POR JOSÉ PEDRO SOARES MARTINS
O artigo 68 das Disposições Transitórias da Constituição Federal de 1988 afirma que “aos remanescentes das comunidades dos quilombos que estejam ocupando suas terras, é reconhecida a propriedade definitiva, devendo o Estado emitir-lhes títulos respectivos”. Entretanto, mais de três décadas depois, somente 179 comunidades quilombolas estão com suas terras tituladas, enquanto outras 269 estão com título de propriedade, de acordo com a Comissão Pró-Índio de São Paulo (aqui). São 1.695 terras quilombolas em processo, indicando que 85% dos territórios quilombolas estão sem relatório de identificação.
Números indicando que a luta das comunidades quilombolas por seus territórios ainda está muito distante de alcançar seus objetivos. As primeiras ações do governo de Jair Bolsonaro, pelo contrário, apontam que essa caminhada pode durar ainda mais, como lamentam as organizações que defendem os seus direitos.
A visão do presidente sobre a questão quilombola foi sinalizada em discurso que proferiu no Clube Hebraica, bairro das Laranjeiras, no Rio de Janeiro, em 3 de abril de 2017. “Eu fui num quilombo. O afrodescendente mais leve lá pesava sete arrobas. Não fazem nada! Eu acho que nem para procriador ele serve mais”, disse Bolsonaro, ainda avisando que, se fosse eleito presidente, não haveria mais “um centímetro demarcado” para indígenas e quilombolas.
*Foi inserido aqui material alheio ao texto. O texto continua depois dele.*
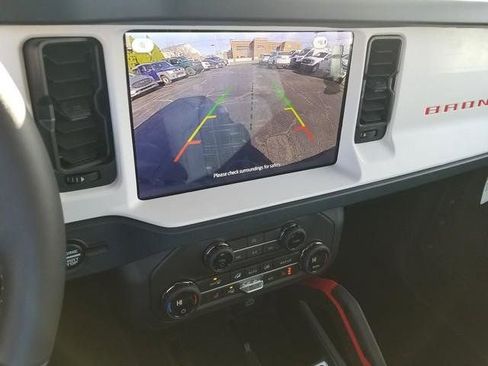 New 2025 Ford Bronco Heritage Edition AWD/4WD image 19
O presidente foi aplaudido por grande parte da plateia, composta por empresários e executivos.
Promessa feita, promessa cumprida. Com a Medida Provisória 870/2019, assinada no dia em que o novo presidente tomou posse, a 1 de janeiro de 2019, o reconhecimento de comunidades indígenas e quilombolas passou para a esfera do Ministério da Agricultura, Pecuária e Abastecimento (Mapa), cuja titular, a ex-deputada Tereza Cristina, é aliada histórica do chamado setor ruralista.
Mais especificamente, a titulação das comunidades indígenas e quilombolas passou a ser atribuição do Instituto Nacional de Colonização e Reforma Agrária (Incra), vinculado à Secretaria Especial de Assuntos Fundiários (Seaf) do Mapa, dirigido por Luiz Antônio Nabhan Garcia, presidente licenciado da União Democrática Ruralista (UDR), organização que inimiga histórica da reforma agrária.
“A sinalização é de enterrar o processo de titulação dos territórios quilombolas, diminuir o status do Incra, um órgão estratégico não só para a titulação, mas também para a governança fundiária do país”, declarou Denildo Rodrigues de Moraes, da Coordenação Nacional de Articulação das Comunidades Negras Rurais Quilombolas (Conaq), para o Instituto Socioambiental (ISA, aqui).
No início de fevereiro de 2019, o Partido Socialista Brasileiro (PSB) entrou com ação no Supremo Tribunal Federal (STF), questionando a MP 870, em questões como a transferência da atribuição de reconhecimento das terras indígenas e quilombolas para o Mapa. No caso, o PSB ajuizou Ação Direta de Inconstitucionalidade (ADI) número 6062 contra a MP.
Em sua ação, o PSB argumentou que as mudanças indicadas na MP “consagram o mais profundo retrocesso no tratamento da temática indígena no país, desde a promulgação da Constituição de 88”. Para o partido, a medida “compromete, a não mais poder, a efetividade das normas constitucionais voltadas à proteção dos povos indígenas e dos seus direitos fundamentais”, o mesmo valendo para as comunidades quilombolas.
Na segunda semana de março, o Conselho Indigenista Missionário (Cimi) entrou no STF com pedido de amicus curiae na ADI apresentada pelo PSB. O amicus curiae é um instrumento jurídico garantindo que uma parte interessada em um processo possa contribuir com o seu desenvolvimento.
Existem portanto reações em curso contra as mudanças consagradas pela MP 870. O êxito ou insucesso dessas reações influenciará no ritmo das demarcações e titulações de terras indígenas e quilombolas no Brasil.
(76º artigo da série DDHH Já, sobre os 30 artigos da Declaração Universal dos Direitos Humanos no cenário brasileiro. No 17º dia do mês de março de 2019, o texto corresponde ao Artigo 17: 1.Todo ser humano tem direito à propriedade, só ou em sociedade com outros. 2. Ninguém será arbitrariamente privado de sua propriedade.)